AJI Indonesia: 56 Jurnalis Alami Kekerasan Saat Meliput Demonstrasi UU Ciptaker

Logo Aliansi Jurnalis Independen (AJI). (Foto: AJI Indonesia)

Tondano, DetikManado.com – Aliansi Jurnalis Indepen (AJI) Indonesia mencatat setidaknya ada 56 jurnalis yang menjadi korban kekerasan saat meliput demonstrasi menolak Undang-Undang (UU) Cipta Kerja (Ciptaker) di berbagai daerah sepanjang 7 Oktober 2020 hingga 21 Oktober 2020.

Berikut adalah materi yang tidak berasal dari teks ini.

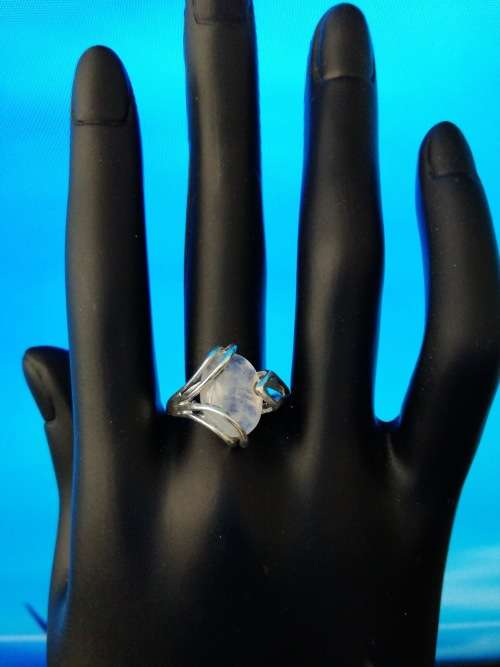 925 Silver stamp ring with real semi precious stones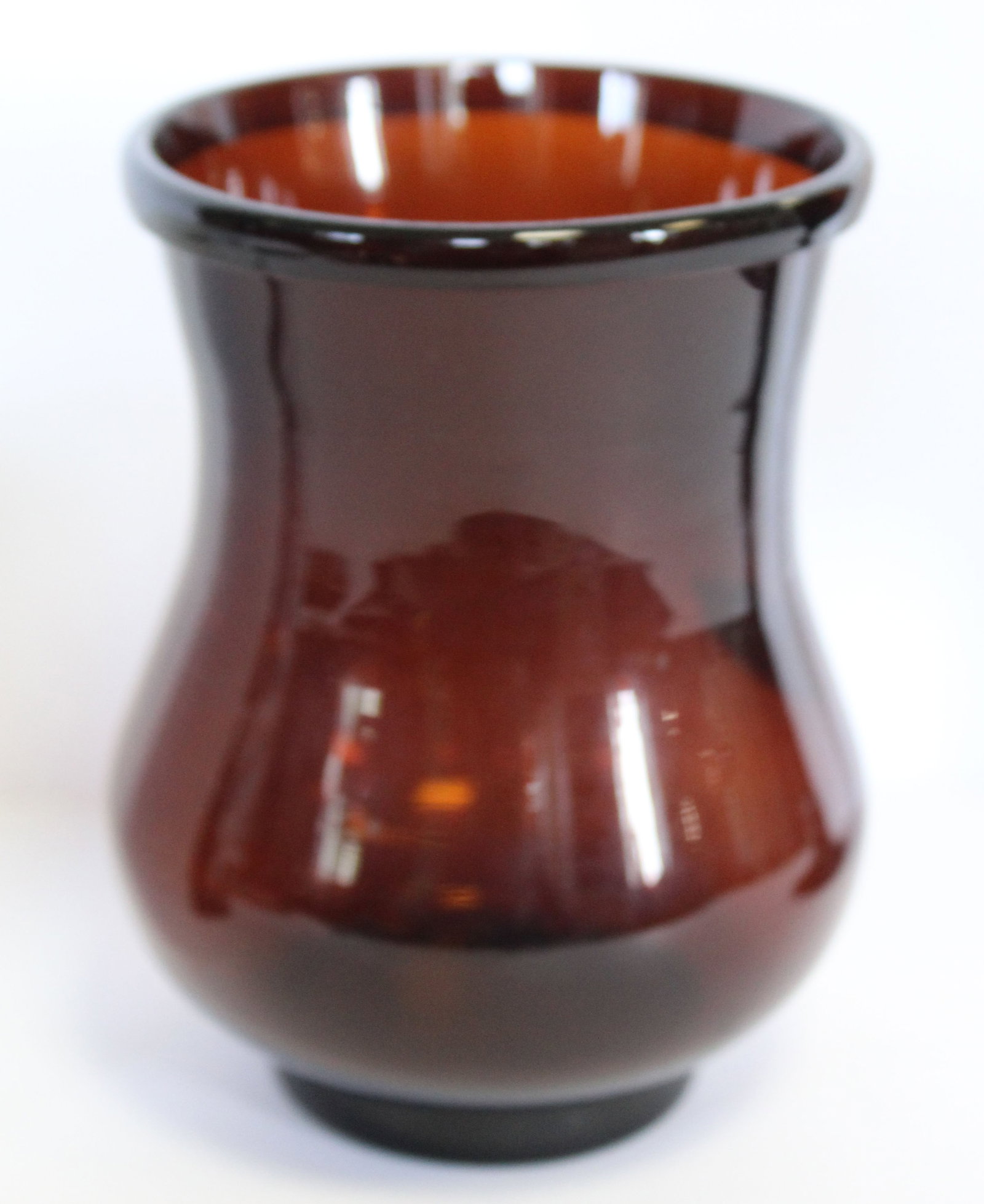 Early amber glass tumbler/jar - 5" tall (1 of 5)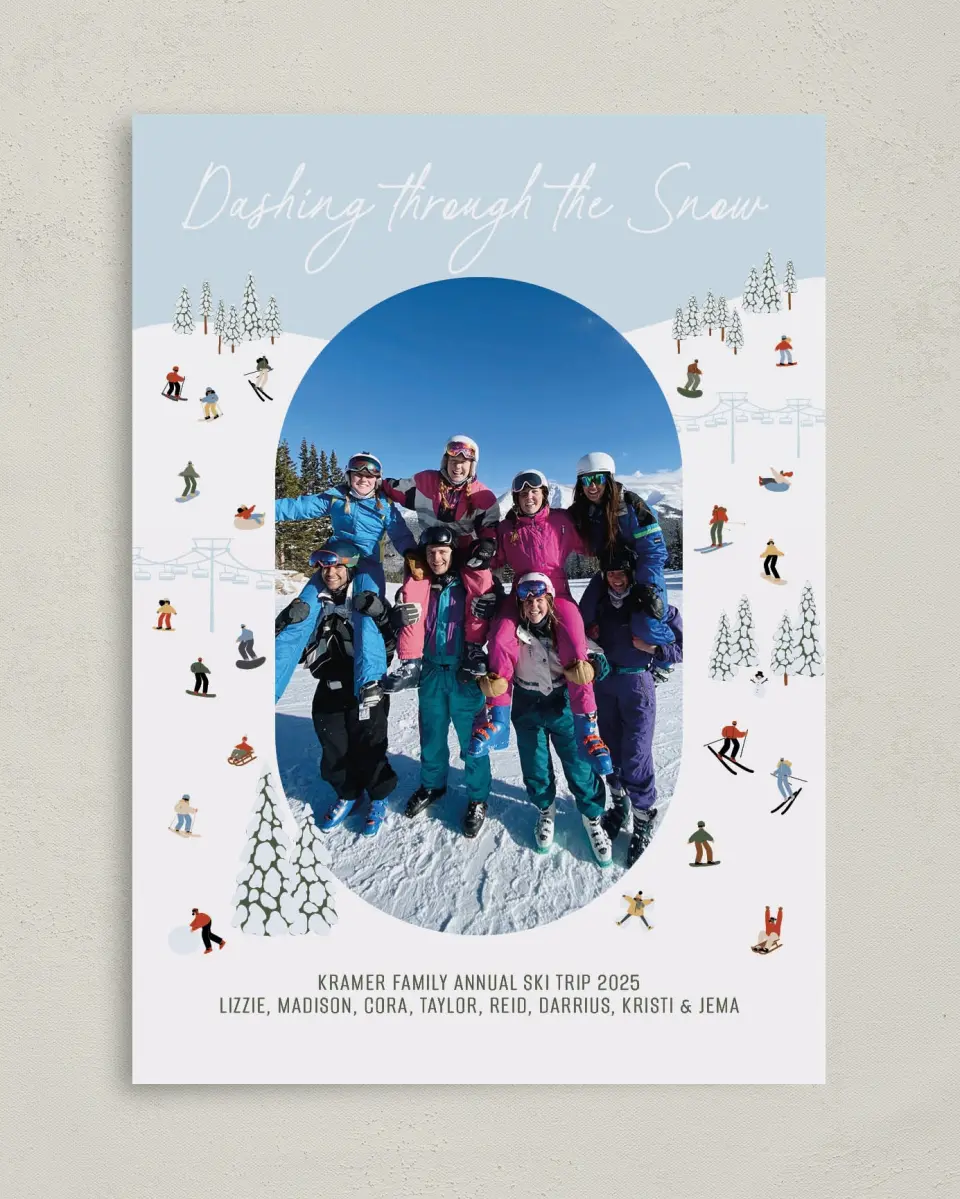 This is a 5" x 7" Christmas Card called Dashing through the Snow printed in full color with Silver foil on Soft Suede (coated) paper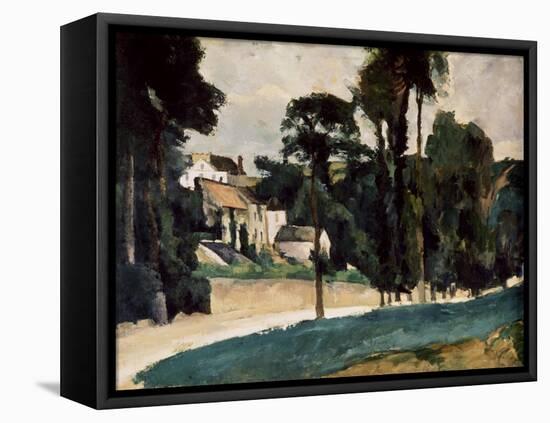 The Road at Pontoise-Paul Cézanne-Framed Stretched Canvas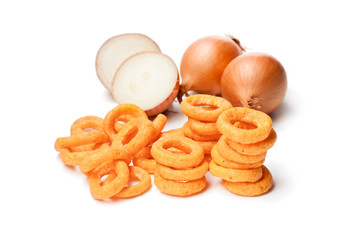 Crispy  fried onion rings isolated on white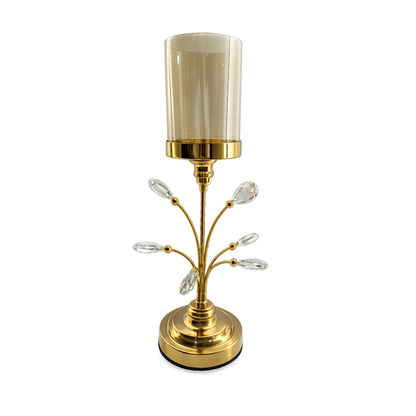Golden Crystal Candle Holder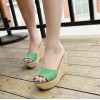 Summer Korean fashion suede platform high-heeled slipper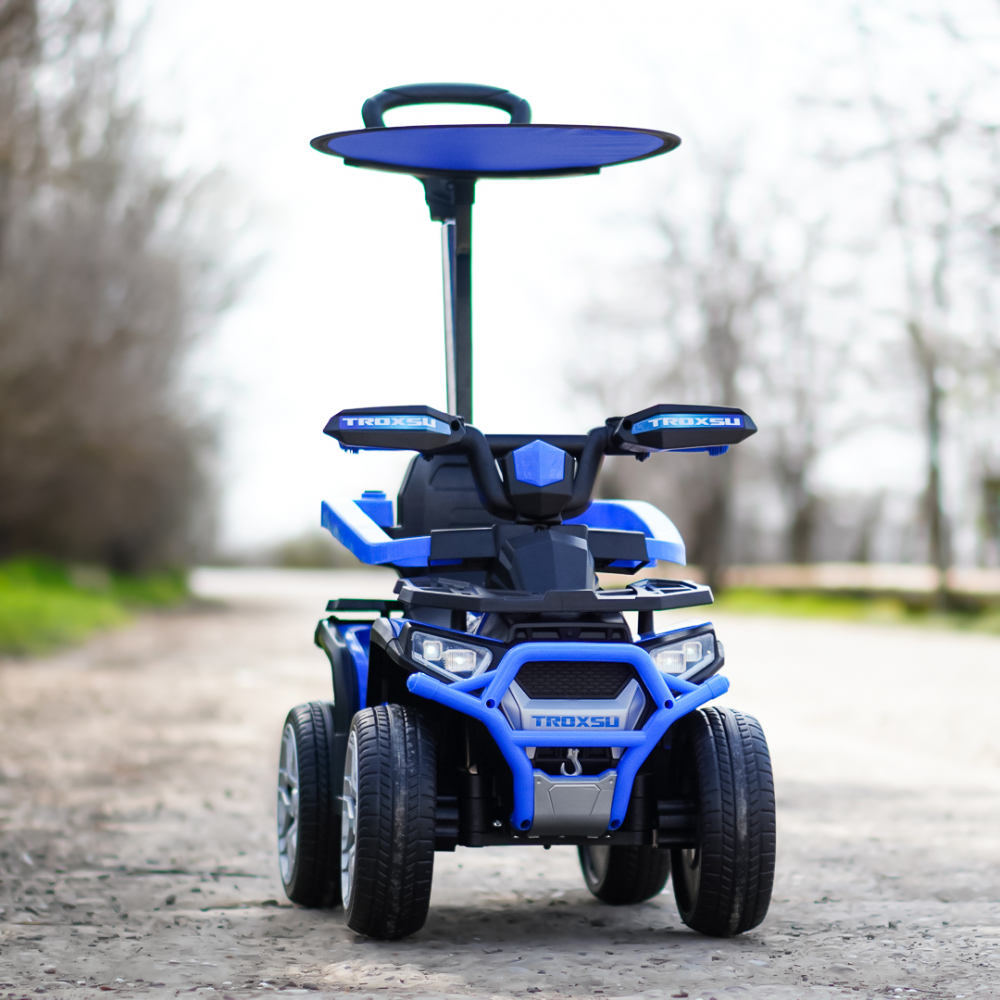 3 in 1 Electric ride-on ATV for children with handle, 30W 6V, EVA wheels, eco leather seat, premium equipped, blue [2]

AJI merincikan jumlah itu mengalami peningkatan cukup signifikan dari laporan awal yang disampaikan pada 10 Oktober 2020 yang mencatat ada 28 kasus kekerasan.

Bacaan Lainnya

Berdasarkan data Divisi Advokasi AJI Indonesia, kasus kekerasan terbanyak terjadi di Malang dengan 15 kasus, Jakarta 8 kasus, Surabaya 6 kasus, dan Samarinda 5 kasus. Dari jenis kasus kekerasan yang dihadapi jurnalis, sebagian besar berupa intimidasi sebanyak 23 kasus. Dua jenis lainnya adalah perusakan, perampasan alat atau data hasil liputan terdiri dari 13 kasus dan kekerasan fisik ada 11 kasus. 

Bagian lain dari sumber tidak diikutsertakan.